Michigan's best and most frequently deployed offensive player was the punter. There was one event of significance in the entire game, that being Chris Wells' game-sealing 62 yard touchdown run; once Tressel got his 11 point lead he decided he was done for the day. Ohio State threw two second-half passes, neither of which landed within ten yards of an eligible receiver. Even the flyover was canceled due to the weather, a particularly nasty near-freezing drizzle that crept into your bones by halftime.
These were the impairments to enjoyment inflicted on the viewing public at large. A couple insults were added to injury in my section.
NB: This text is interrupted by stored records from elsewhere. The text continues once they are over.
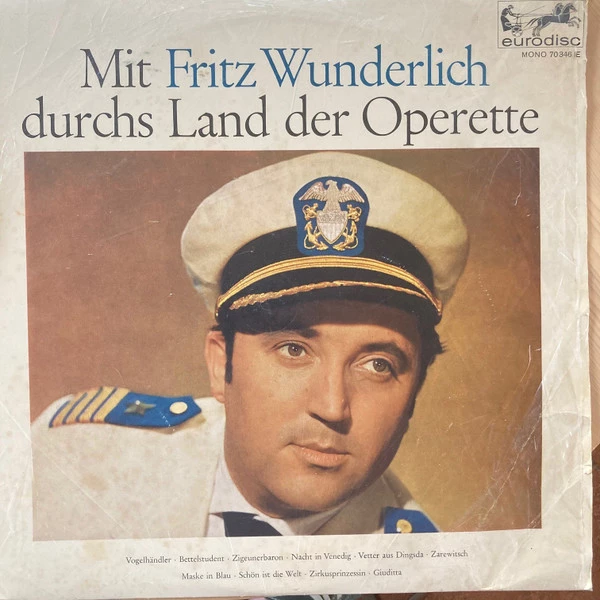 Item Mit Fritz Wunderlich Durchs Land Der Operette product image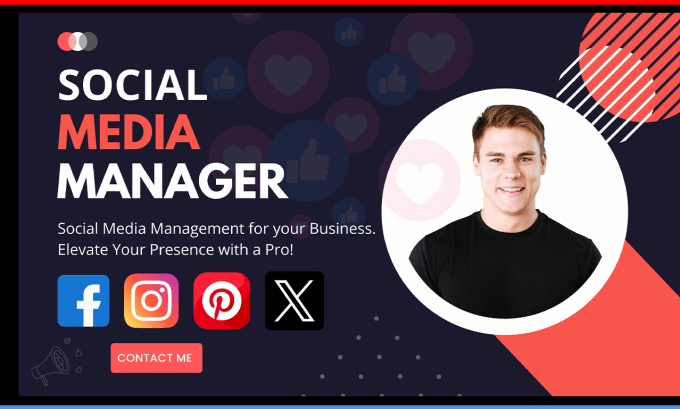 Gig Preview - Be your professional social media marketing manager and quality content creator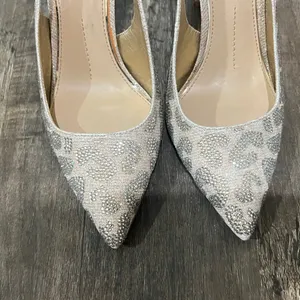FINAL PRICE Gianni Bini Rhinestone Cheetah Heels thumbnail 3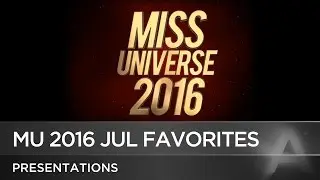 Miss Universe 2016 July Predictions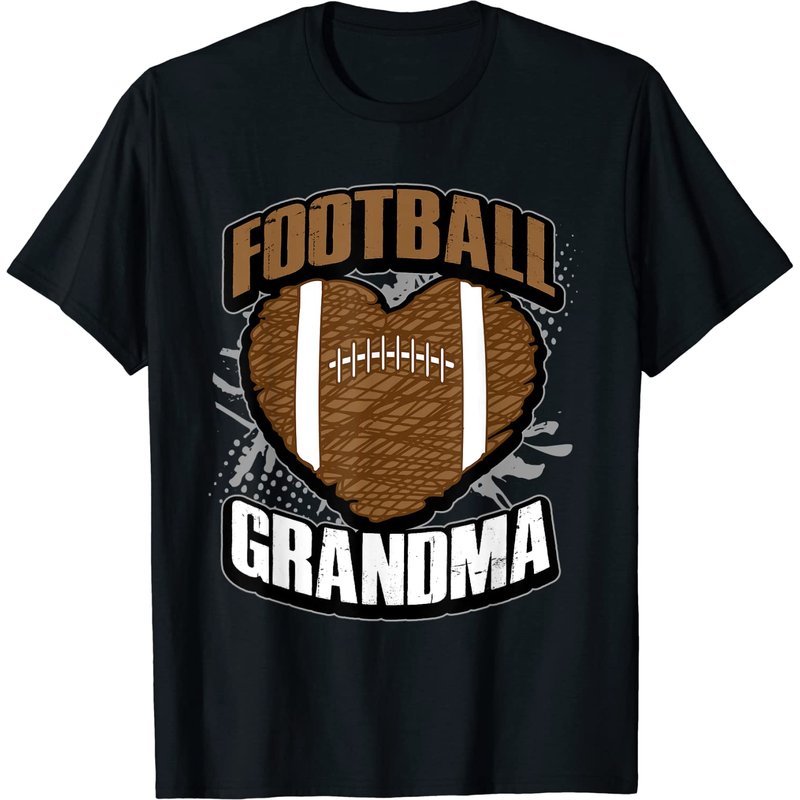 T-Shirt Football Grandma Pigskin Heart pour Hommes — T-shirts pour hommes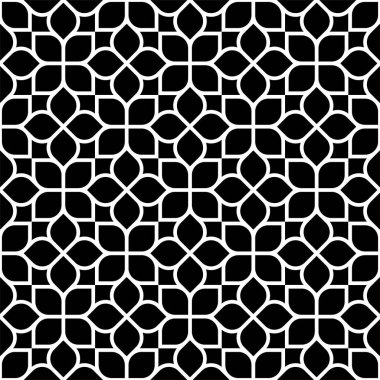 Geometrik tekrarlama sanatı. Yazdırılabilir vektörün kusursuz şablon arka planı. Arkaplan tasarımının iç içe geçmiş düğümleri arka plan kapağı.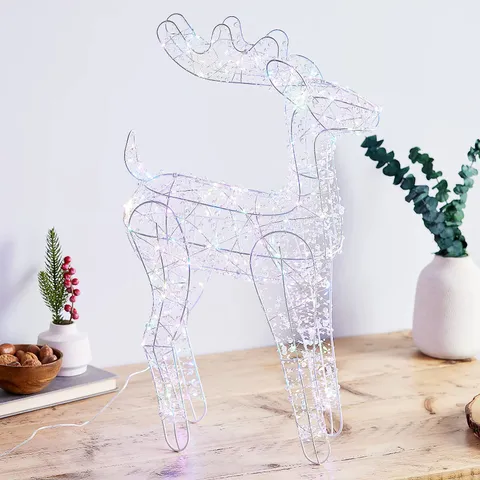 HOME STORIES PRE LIT INDOOR/OUTDOOR CRYSTAL LOOK SHAPES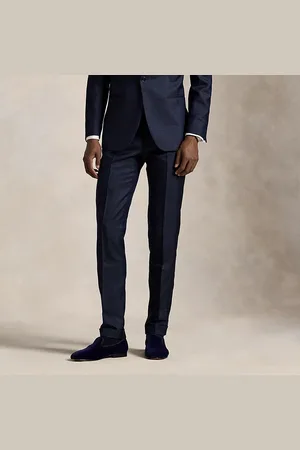 Ralph Lauren Silk-Blend Tuxedo Trouser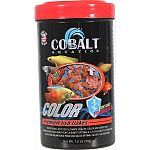 Color enhancing formula for all tropical fish Nutritionally balanced for consistent growth, palatability, with added ingredients to promote stunning color Enhanced with probiotics and cobalt blue flake s triple vitamin dose and immunostimulants Will not c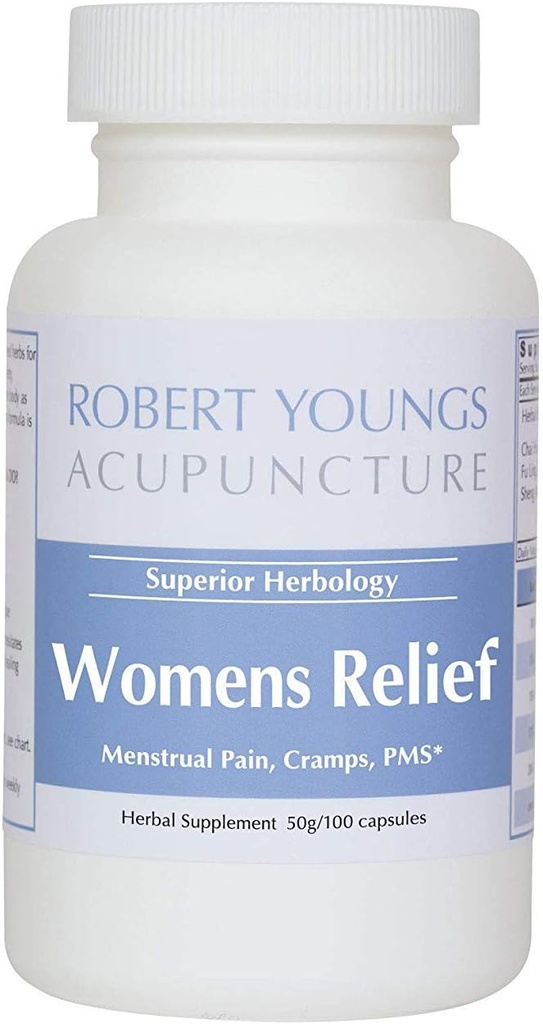 Women’s Relief — Best Herbal PMS, Menstrual discomfort & Period Cramping Reliever (100 Capsules) | Fast Acting Helps Relieve Stress, Harmonize & Nourish Blood, Smooth Liver Qi & Break up Stagnation
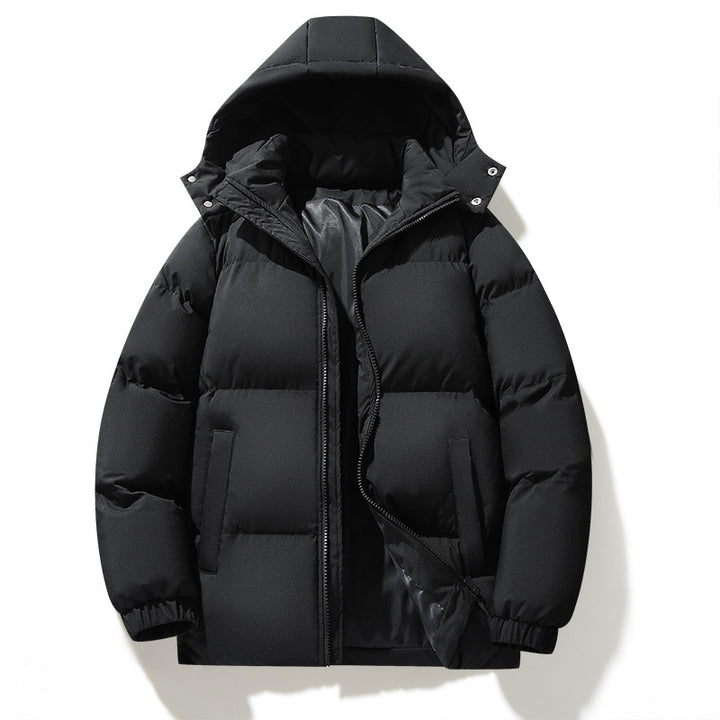 Herren urbaner Kapuzen-Steppanorak mit mattierter Oberfläche und isolierender Füllung Drune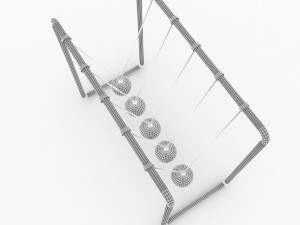 newtons cradle 3D Model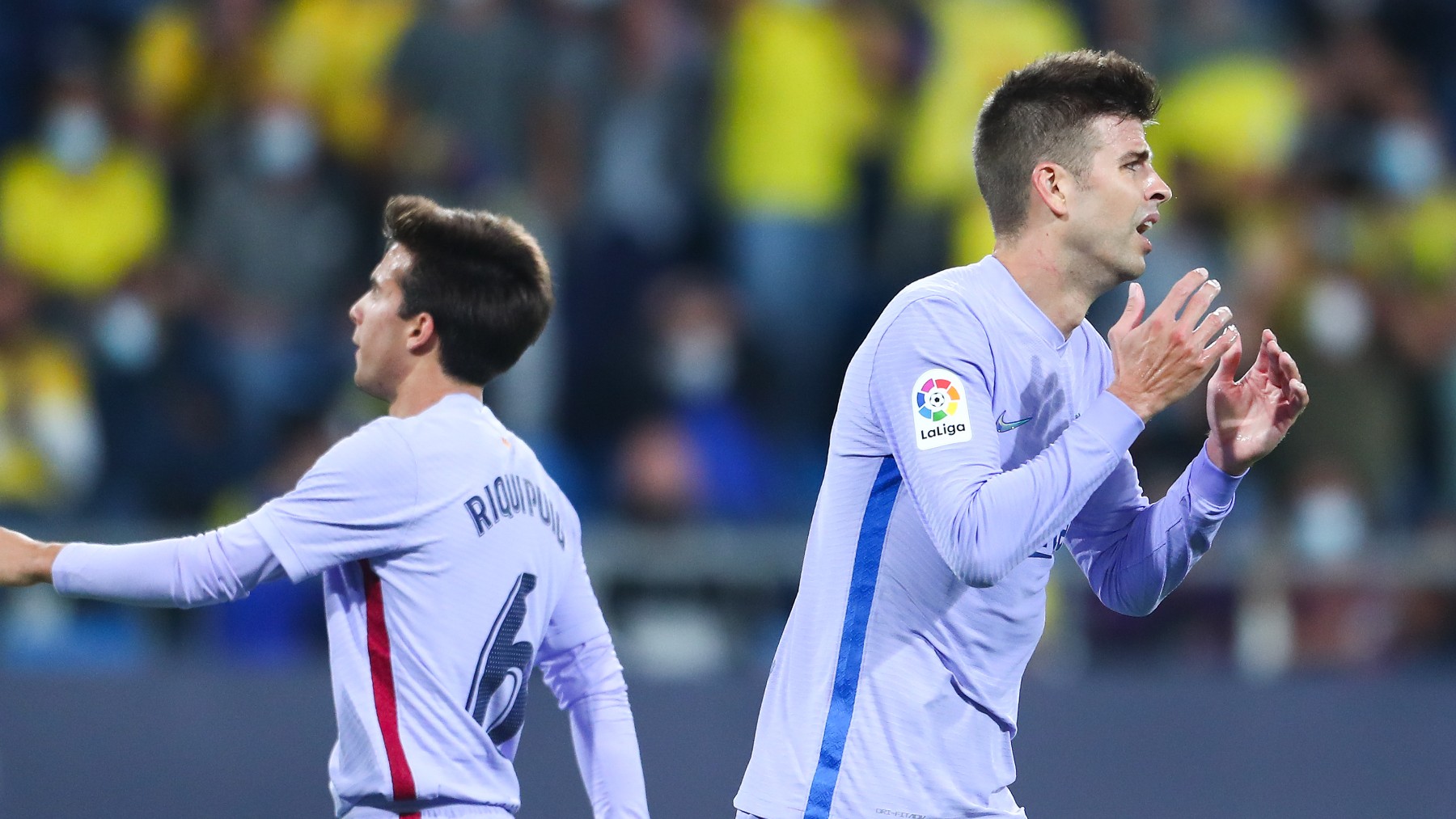 Piqué, ante el Cádiz (Getty).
Invading Buckeye fans took to standing on the wet, rickety bleachers, providing the interested observer with the choice of getting up on the bench yourself, thus drawing the ire of everyone behind you, or peering through a thicket of heads to see the "action." (Scare quotes smarmy but 100% required.) Behind us two solid rows of central Ohio's finest truck drivers and forklift operators hooted constantly, literally saying "ain't nuttin' wrong with that" after every four yard Wells run. A good time was not had by all.
And so. And so what do you do with that?
One. In the aftermath I was -- am -- angry at Carr for hanging on too long, for bringing in a minimally qualified friend to coordinate the offense, for allowing his charges to put out an undisciplined, lackadaisical show time and again this year. This year is going to end in some rinky-dink December bowl. Michigan put up 91 yards of offense against Ohio State and lost for the fourth straight year. All of that's on Carr. Jake Long and Chad Henne and Mike Hart deserved better than what they got.
Carr was stubborn, arrogant, and loyal to a fault. There is no Carr coaching tree because the program is inbred.
Two. Carr was a curmudgeon in the best possible way. When it comes to calling out the hypocritical power structure of college football, he stands entirely alone. No other coach has called out the NCAA for adding a twelfth game while simultaneously protesting that a playoff is infeasible. No other coach has directly called for the players to get paid. He was a tireless advocate for his players and his program. Last November I sat in Michigan Stadium and listened to him eulogize Bo and wanted no one else to coach Michigan.
People unfamiliar with the program bash him for a lack of class because of post-game handshakes and halftime interviews gone awry as if "class" means putting a good face for stupid questions and meaningless gestures. No, he didn't like the media. But do you like the media? Carr was the best argument college football is about something other than violence and money the sport had.
And he won. Not lately, but he won.
There is an obvious split here. The first section is about Carr the coach; the second about Carr the man. I'll miss him sometimes, but mostly on Monday, not Saturday.